● SUPPLIED RECORDS:
• • • •
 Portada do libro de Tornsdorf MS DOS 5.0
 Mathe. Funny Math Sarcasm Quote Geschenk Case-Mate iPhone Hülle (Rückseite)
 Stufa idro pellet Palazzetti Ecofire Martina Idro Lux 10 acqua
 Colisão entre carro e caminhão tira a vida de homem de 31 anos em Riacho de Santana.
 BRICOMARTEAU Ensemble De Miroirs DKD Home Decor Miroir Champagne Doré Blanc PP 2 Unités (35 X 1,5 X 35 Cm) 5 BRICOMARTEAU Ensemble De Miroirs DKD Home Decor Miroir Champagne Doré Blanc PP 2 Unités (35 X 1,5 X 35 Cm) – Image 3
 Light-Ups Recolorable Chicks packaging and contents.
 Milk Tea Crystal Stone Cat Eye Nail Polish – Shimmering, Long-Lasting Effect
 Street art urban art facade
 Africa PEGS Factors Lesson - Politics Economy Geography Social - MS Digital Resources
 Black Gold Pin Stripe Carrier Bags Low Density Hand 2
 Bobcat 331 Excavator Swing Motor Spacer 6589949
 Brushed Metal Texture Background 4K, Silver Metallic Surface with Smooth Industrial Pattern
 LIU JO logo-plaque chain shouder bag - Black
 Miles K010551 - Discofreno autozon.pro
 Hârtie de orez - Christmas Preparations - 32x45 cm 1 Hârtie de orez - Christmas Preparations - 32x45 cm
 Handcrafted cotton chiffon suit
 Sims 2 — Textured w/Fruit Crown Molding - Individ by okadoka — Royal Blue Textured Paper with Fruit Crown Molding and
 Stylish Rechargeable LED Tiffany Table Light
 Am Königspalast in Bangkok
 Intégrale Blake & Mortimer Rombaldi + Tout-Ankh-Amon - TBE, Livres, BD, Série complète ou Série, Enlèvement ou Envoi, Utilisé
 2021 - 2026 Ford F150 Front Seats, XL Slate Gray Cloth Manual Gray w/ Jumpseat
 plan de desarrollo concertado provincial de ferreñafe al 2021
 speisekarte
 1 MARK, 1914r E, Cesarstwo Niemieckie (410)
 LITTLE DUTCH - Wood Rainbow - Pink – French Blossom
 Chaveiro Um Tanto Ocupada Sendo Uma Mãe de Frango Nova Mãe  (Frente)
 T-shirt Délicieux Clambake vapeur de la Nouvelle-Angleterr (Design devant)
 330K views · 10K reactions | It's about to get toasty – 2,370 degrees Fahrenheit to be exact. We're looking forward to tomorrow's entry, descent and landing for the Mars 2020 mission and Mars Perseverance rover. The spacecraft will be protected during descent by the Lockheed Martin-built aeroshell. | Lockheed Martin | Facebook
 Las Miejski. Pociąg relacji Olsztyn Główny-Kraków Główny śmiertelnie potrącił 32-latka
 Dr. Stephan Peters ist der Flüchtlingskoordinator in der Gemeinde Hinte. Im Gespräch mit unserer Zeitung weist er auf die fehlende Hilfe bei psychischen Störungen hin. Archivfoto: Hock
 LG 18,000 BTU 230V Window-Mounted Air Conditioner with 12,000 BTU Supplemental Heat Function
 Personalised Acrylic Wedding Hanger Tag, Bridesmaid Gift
• • • •
● ABOUT THIS EXERCISE: Return exactly the lines from the one containing "2021 - 2026" through the last line of the records above, both included, and nothing else.

● YOUR RESPONSE:
 2021 - 2026 Ford F150 Front Seats, XL Slate Gray Cloth Manual Gray w/ Jumpseat
 plan de desarrollo concertado provincial de ferreñafe al 2021
 speisekarte
 1 MARK, 1914r E, Cesarstwo Niemieckie (410)
 LITTLE DUTCH - Wood Rainbow - Pink – French Blossom
 Chaveiro Um Tanto Ocupada Sendo Uma Mãe de Frango Nova Mãe  (Frente)
 T-shirt Délicieux Clambake vapeur de la Nouvelle-Angleterr (Design devant)
 330K views · 10K reactions | It's about to get toasty – 2,370 degrees Fahrenheit to be exact. We're looking forward to tomorrow's entry, descent and landing for the Mars 2020 mission and Mars Perseverance rover. The spacecraft will be protected during descent by the Lockheed Martin-built aeroshell. | Lockheed Martin | Facebook
 Las Miejski. Pociąg relacji Olsztyn Główny-Kraków Główny śmiertelnie potrącił 32-latka
 Dr. Stephan Peters ist der Flüchtlingskoordinator in der Gemeinde Hinte. Im Gespräch mit unserer Zeitung weist er auf die fehlende Hilfe bei psychischen Störungen hin. Archivfoto: Hock
 LG 18,000 BTU 230V Window-Mounted Air Conditioner with 12,000 BTU Supplemental Heat Function
 Personalised Acrylic Wedding Hanger Tag, Bridesmaid Gift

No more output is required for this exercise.